### TASK STATEMENT
Exact copy, no pictures: set down the lines from the one holding "elements for design." through the final line of the records below.

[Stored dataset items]
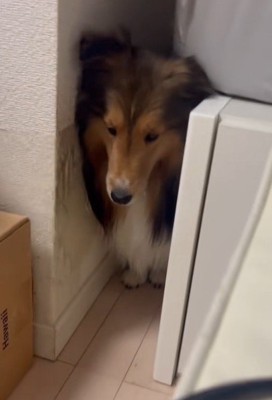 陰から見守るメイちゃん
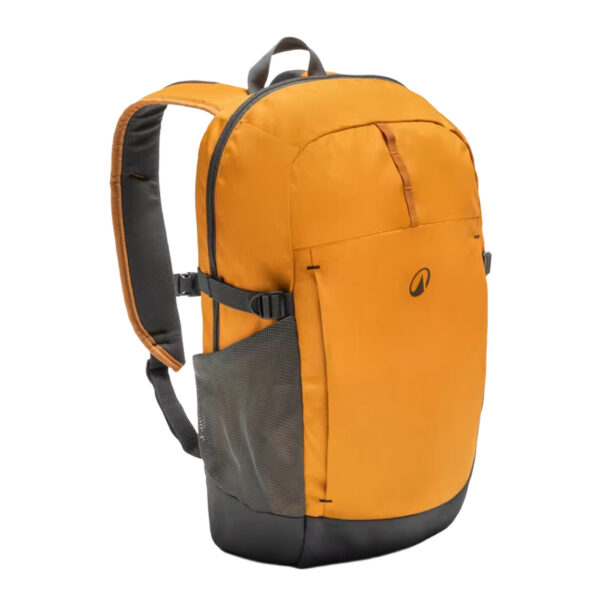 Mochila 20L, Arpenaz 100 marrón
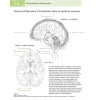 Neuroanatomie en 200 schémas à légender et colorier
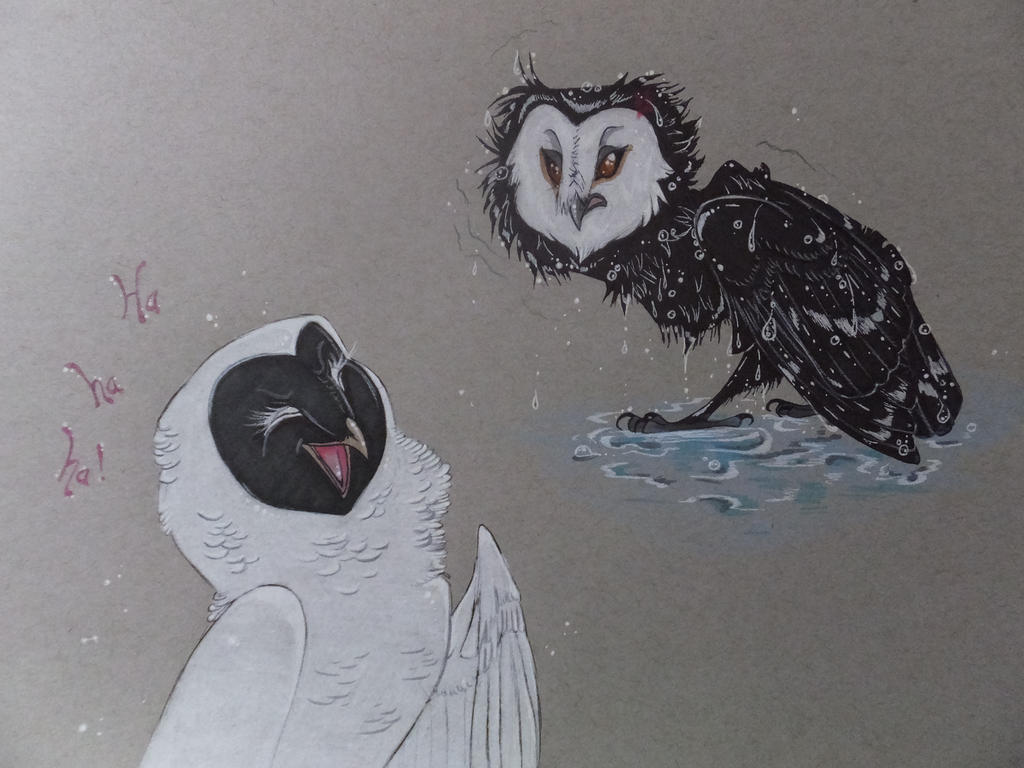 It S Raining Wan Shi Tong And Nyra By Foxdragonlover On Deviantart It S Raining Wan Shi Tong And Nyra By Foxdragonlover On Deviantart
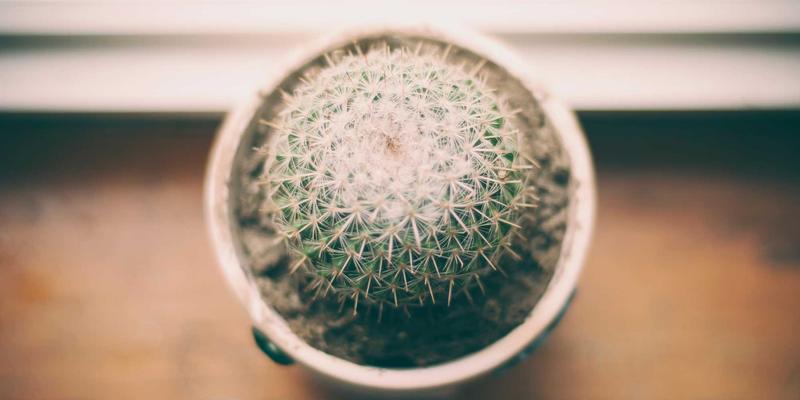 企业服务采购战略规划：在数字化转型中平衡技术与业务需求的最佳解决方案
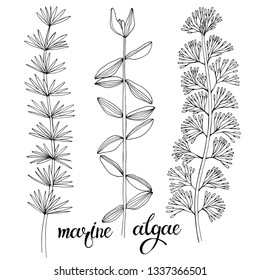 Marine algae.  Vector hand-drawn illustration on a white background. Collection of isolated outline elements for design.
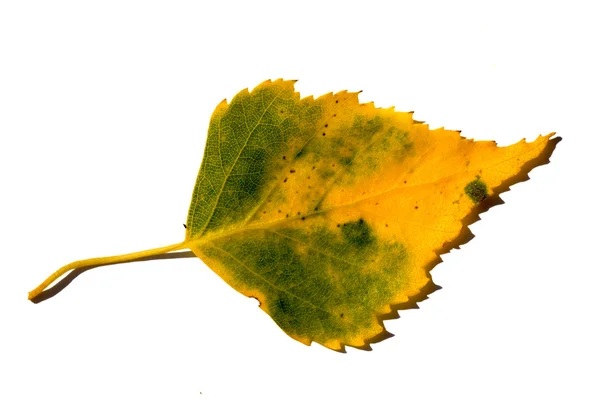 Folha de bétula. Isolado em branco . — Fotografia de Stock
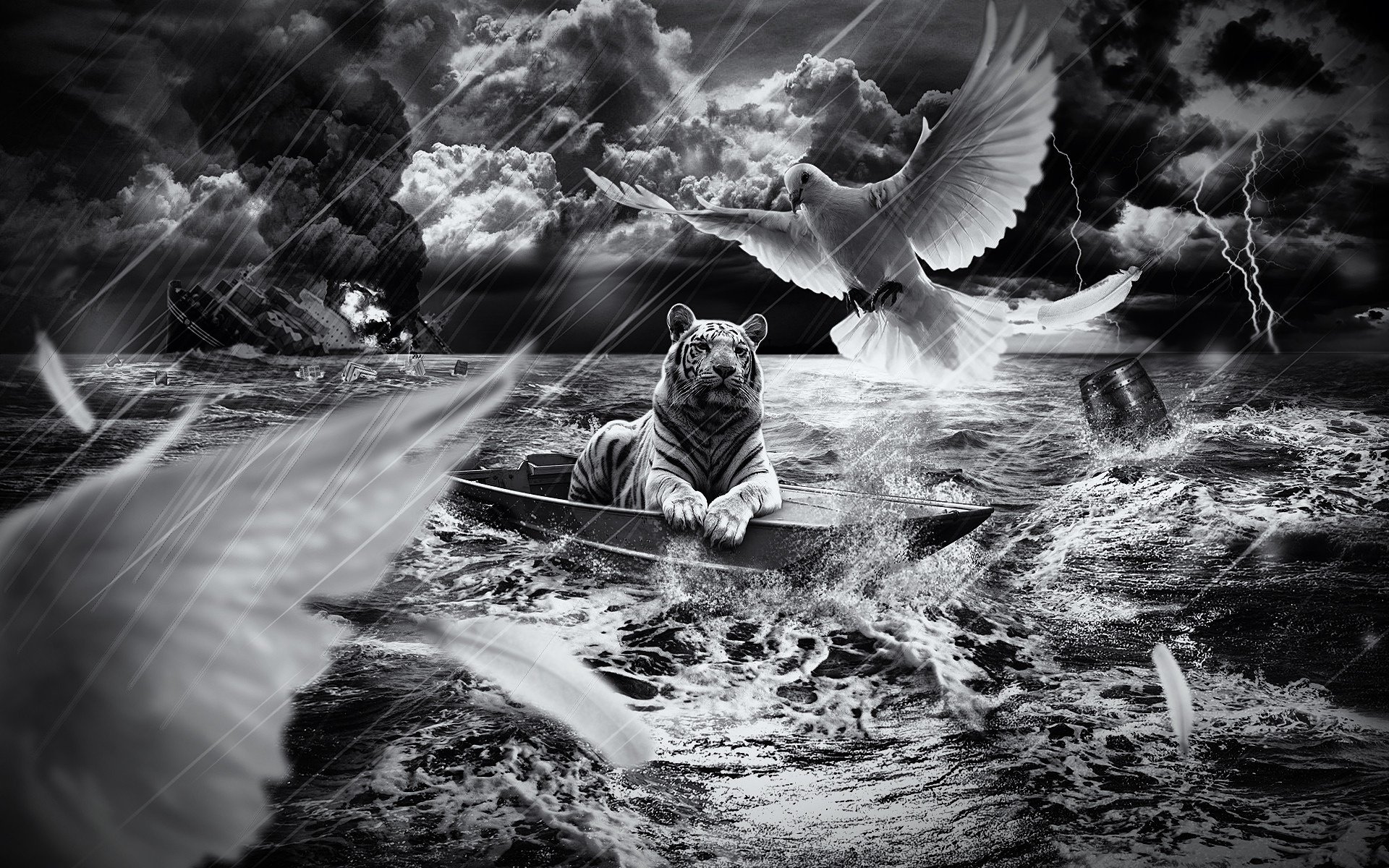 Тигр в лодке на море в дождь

### SOLUTION
 Marine algae.  Vector hand-drawn illustration on a white background. Collection of isolated outline elements for design.
 Folha de bétula. Isolado em branco . — Fotografia de Stock
 Тигр в лодке на море в дождь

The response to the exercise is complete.